La qualità migliore del film (presentato a Berlino) è la finezza con cui mette in scena la "normalità" della vita sotto un regime, avvicinandosi alla complessità di anni fa, portata ai massimi livelli dal primo Heimat di Reitz. Di contro, con l'avvicinarsi dell'arresto dei Coppi, la fotografia da luminosa si fa cupa, addensando le ombre e i grigi, e porta a una parte finale che mostra in maniera classica soprattutto il destino tragico di Hilde, arrestata all'ottavo mese di gravidanza, costretta a partorire in prigione e poi decapitata nel 1943. Ma quando l'attrice Liv Lisa Fries si muove con un vestito rosso fuoco nel carcere in cui è detenuta, da una semplice apparizione si percepisce la forza della sua esistenza e di conseguenza la necessità di questo film.

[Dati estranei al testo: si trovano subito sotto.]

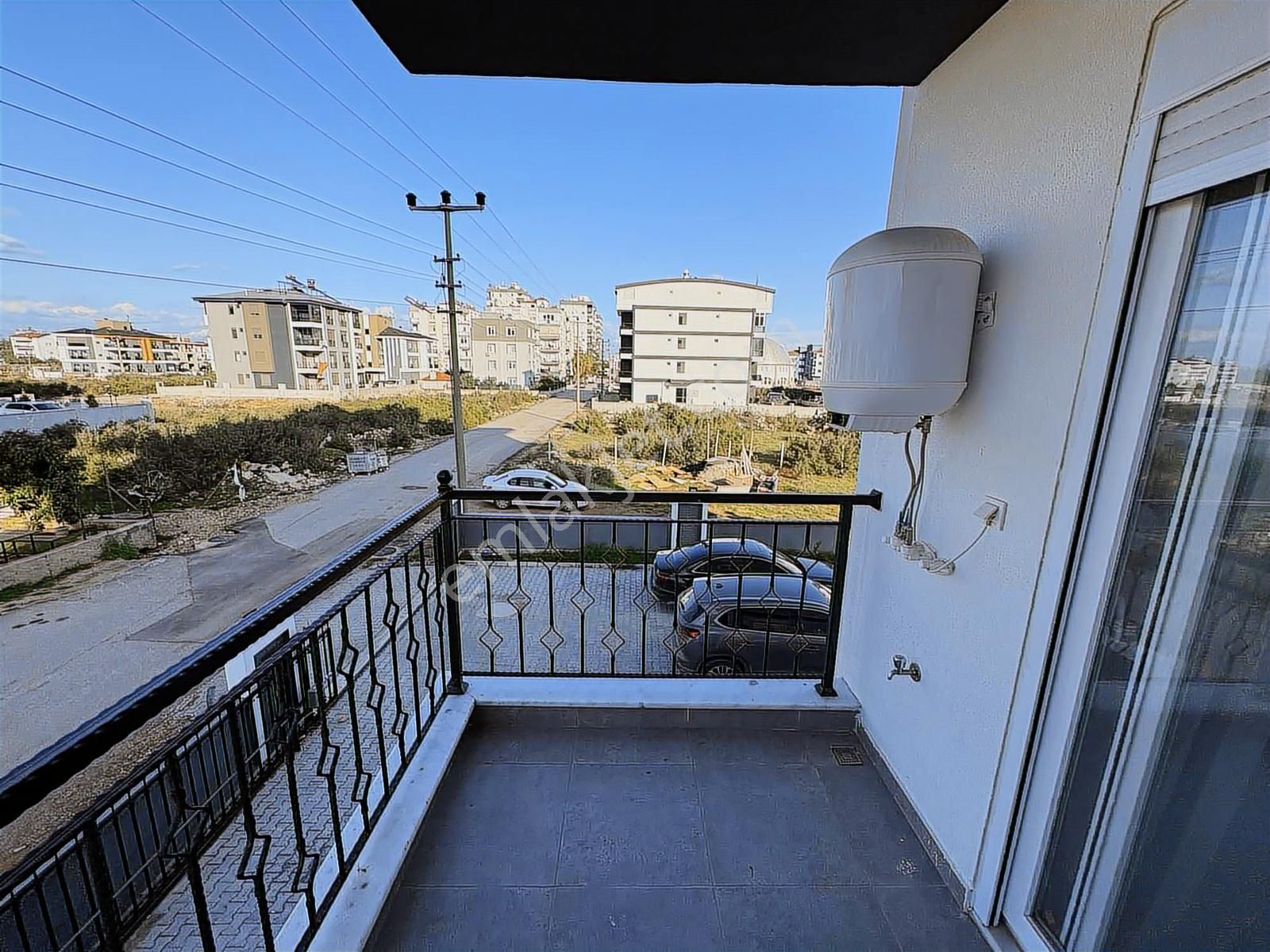 Full Eşyalı 1+1 Kiralık Daire - Görsel 2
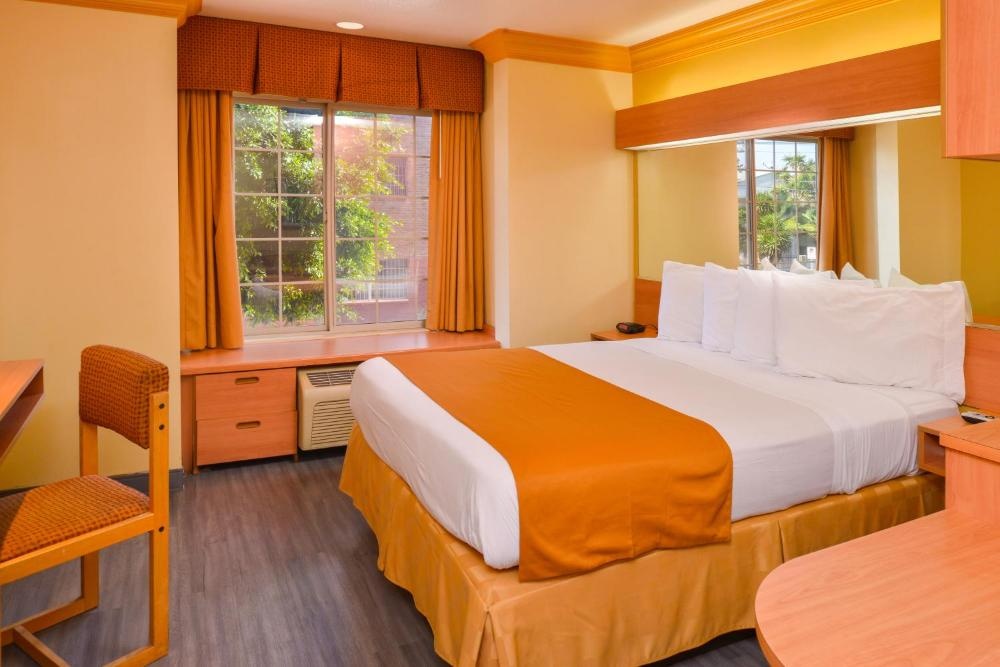H3 Inn & Suites - LAX Airport - Los Angeles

Berlino, estate '42 è un ritratto dolce e malinconico di un'esperienza di militanza dimenticata dalla storia ma rivivificata dal cinema. In particolare, Dresen trasforma la cronaca storica nell'elegia di una donna indomita, spaventata e per questo umanissima, confermandosi autore capace di comporre ritratti femminili di notevole impatto, dopo Una mamma contro G.W. Bush. Nell'incontro tra storia e finzione, il regista sa fare del solido cinema drammatico, trasformando un episodio minore in un monito universale sulla necessità di resistere contro un potere abnorme.